PROBLEM REQUIREMENTS =
Could you restate word for word only the lines below from the one holding "addi addi Lace Circular Needle - 60-inch" to the one holding "SignaMax KJ458MT-C5E-GN", inclusive, and leave out the pictures?

EXCERPTED DATA =

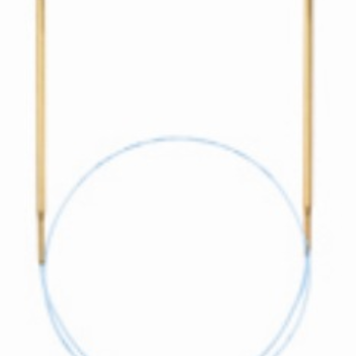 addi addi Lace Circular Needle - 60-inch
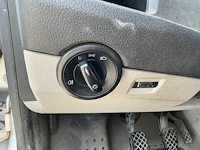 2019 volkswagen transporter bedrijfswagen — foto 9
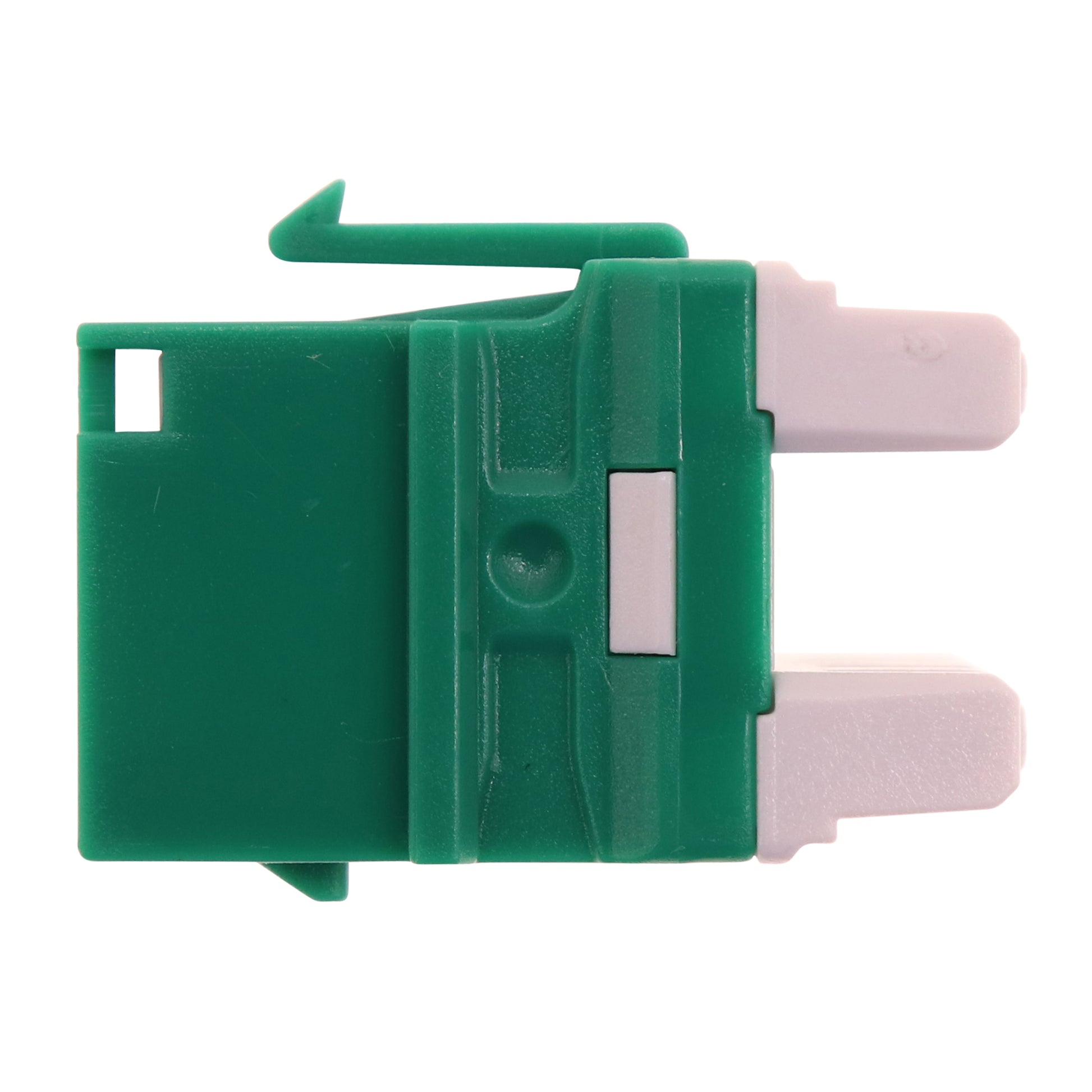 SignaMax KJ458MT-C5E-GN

...

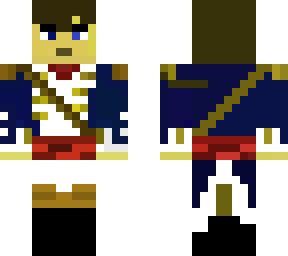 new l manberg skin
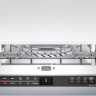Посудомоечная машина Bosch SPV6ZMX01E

--

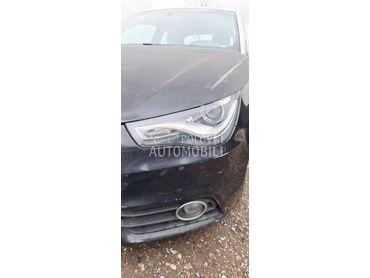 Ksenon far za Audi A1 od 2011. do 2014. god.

RESPONSE TO THE EXERCISE =
 addi addi Lace Circular Needle - 60-inch
 2019 volkswagen transporter bedrijfswagen — foto 9
 SignaMax KJ458MT-C5E-GN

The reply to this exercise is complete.